» **Exercise**:
Find the line in the entries below that contains "Asymmetrical Artificial Pearl". Repeat it exactly, and every line after it through the line that contains "The Crow Tattoo Design, Horror".

» **Short text fragments from websites**:
- Opening Delimiter -

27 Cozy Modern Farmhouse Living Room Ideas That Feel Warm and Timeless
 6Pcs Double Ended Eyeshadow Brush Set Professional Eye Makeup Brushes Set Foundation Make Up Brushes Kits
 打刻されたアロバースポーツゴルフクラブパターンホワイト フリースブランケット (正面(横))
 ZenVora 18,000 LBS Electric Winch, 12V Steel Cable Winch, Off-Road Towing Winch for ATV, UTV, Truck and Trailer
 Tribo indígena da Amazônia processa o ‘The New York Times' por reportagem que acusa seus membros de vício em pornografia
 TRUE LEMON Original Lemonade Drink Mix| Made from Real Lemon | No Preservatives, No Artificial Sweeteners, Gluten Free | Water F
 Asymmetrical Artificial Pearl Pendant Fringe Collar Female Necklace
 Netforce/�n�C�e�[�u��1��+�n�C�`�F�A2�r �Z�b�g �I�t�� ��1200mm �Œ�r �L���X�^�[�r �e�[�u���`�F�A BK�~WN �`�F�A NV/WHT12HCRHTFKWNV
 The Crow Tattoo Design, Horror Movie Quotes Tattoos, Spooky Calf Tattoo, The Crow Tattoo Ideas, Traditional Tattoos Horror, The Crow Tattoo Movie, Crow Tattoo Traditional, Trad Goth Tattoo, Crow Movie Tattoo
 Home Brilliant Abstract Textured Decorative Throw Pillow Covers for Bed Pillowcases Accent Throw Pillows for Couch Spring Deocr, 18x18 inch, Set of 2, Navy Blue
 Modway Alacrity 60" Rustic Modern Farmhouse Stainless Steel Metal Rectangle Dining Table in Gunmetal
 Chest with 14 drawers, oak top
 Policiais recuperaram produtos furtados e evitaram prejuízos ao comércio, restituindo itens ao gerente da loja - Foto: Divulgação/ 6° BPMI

- Closing Delimiter -

» **Response area**:
 Asymmetrical Artificial Pearl Pendant Fringe Collar Female Necklace
 Netforce/�n�C�e�[�u��1��+�n�C�`�F�A2�r �Z�b�g �I�t�� ��1200mm �Œ�r �L���X�^�[�r �e�[�u���`�F�A BK�~WN �`�F�A NV/WHT12HCRHTFKWNV
 The Crow Tattoo Design, Horror Movie Quotes Tattoos, Spooky Calf Tattoo, The Crow Tattoo Ideas, Traditional Tattoos Horror, The Crow Tattoo Movie, Crow Tattoo Traditional, Trad Goth Tattoo, Crow Movie Tattoo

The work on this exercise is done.